HACKENSACK, N.J. (AP) — A second man was charged Friday in a series of attacks on synagogues in northern New Jersey that included the firebombing of a house of worship where a rabbi and several family members were sleeping upstairs.
Bergen County Prosecutor John L. Molinelli characterized 19-year-old Aakash Dalal, a New Brunswick resident who is believed to have been enrolled at Rutgers University at one time, as an instigator in the firebombings allegedly carried out in January by then-19-year-old Anthony Graziano, though Dalal is not believed to have participated in the acts themselves.
Both men grew up in the northern New Jersey town of Lodi, about 15 miles west of New York City, and met in middle school. Molinelli described their relationship as one of teacher and student, with Dalal playing the role of teacher,
Dalal was arrested Friday morning and was being held on $2.5 million bail. His first court appearance was scheduled for Monday. He is charged with conspiracy, aggravated arson, bias intimidation and criminal mischief.
"He is obviously upset," attorney Chris DiLorenzo, representing Dalal, said. "He is an intelligent young man and is mainly concerned about himself and his family at this time."
For the first time, authorities linked the two firebombings and another attempted firebombing with two earlier spray painting incidents at area synagogues. Both men are alleged to have participated in the spray painting, while Graziano allegedly carried out the firebombings himself, with encouragement from Dalal. Molinelli said a series of emails and texts between the two showed them discussing how to carry out the bombings.
"You could see how Graziano gradually became much more sophisticated in what he was doing," Molinelli said. "There was development, and there was rising sophistication with each incident, which showed how calculating and well planned each incident was."
On the morning of Jan. 3, authorities responded to a fire at Congregation K'Hal Adath Jeshuran in Paramus, when members smelled gas in the building and contacted authorities. Fire and police officials determined an accelerant had been used in the rear of the building to start a fire.
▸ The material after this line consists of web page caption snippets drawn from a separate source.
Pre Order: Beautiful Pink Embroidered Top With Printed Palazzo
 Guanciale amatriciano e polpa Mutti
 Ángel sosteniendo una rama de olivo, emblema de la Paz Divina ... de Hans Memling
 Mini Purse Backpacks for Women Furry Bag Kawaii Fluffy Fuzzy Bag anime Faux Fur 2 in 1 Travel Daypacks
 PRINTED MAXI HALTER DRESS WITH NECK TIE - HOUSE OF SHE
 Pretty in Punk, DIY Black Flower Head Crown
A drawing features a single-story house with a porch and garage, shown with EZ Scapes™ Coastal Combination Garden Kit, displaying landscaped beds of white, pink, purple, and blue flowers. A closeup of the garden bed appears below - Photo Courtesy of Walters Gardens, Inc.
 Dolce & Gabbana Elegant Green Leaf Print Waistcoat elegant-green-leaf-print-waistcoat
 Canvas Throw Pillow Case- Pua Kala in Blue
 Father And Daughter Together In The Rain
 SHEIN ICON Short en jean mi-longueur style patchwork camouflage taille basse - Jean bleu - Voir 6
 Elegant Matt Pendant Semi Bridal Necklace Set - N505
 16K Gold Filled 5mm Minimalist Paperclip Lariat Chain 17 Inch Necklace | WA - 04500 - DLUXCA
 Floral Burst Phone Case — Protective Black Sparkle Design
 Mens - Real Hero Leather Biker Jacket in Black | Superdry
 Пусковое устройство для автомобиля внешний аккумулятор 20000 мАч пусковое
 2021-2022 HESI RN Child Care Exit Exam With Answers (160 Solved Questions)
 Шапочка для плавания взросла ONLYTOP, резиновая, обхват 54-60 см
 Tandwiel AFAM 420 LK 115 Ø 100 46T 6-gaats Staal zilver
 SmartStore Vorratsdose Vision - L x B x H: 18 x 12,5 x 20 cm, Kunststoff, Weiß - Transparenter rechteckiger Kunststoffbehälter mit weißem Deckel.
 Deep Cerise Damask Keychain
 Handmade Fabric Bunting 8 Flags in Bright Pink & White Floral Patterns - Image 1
The fire had quickly burned itself out, and no injuries were reported.
Eight days later, police said Molotov cocktails were thrown at Congregation Beth El in Rutherford, igniting a fire in the second-floor bedroom of Rabbi Nosson Schuman's residence. The rabbi, his wife, five children and his parents were sleeping at the time and escaped serious injury.
A few days after Graziano's Jan. 24 arrest, authorities found several Molotov cocktails made from glass beer bottles that they said they were able to traced to Graziano, in a wooded area about 100 yards from the Paramus Jewish Community Center.
In the weeks leading up to the fire bombings, anti-Semitic graffiti was discovered at synagogues in Hackensack and Maywood, according to police.
The attacks kept Jewish residents of the ethnically and religiously diverse communities of Bergen County, part of the New York metropolitan area, on edge for weeks until Graziano's arrest. The incidents prompted Bergen County authorities to institute round-the-clock police patrols of houses of worship and ethnic community centers.
Graziano has pleaded not guilty to charges including nine counts of attempted murder. He initially was held on $5 million bail but that was later reduced by a judge to $2.5 million.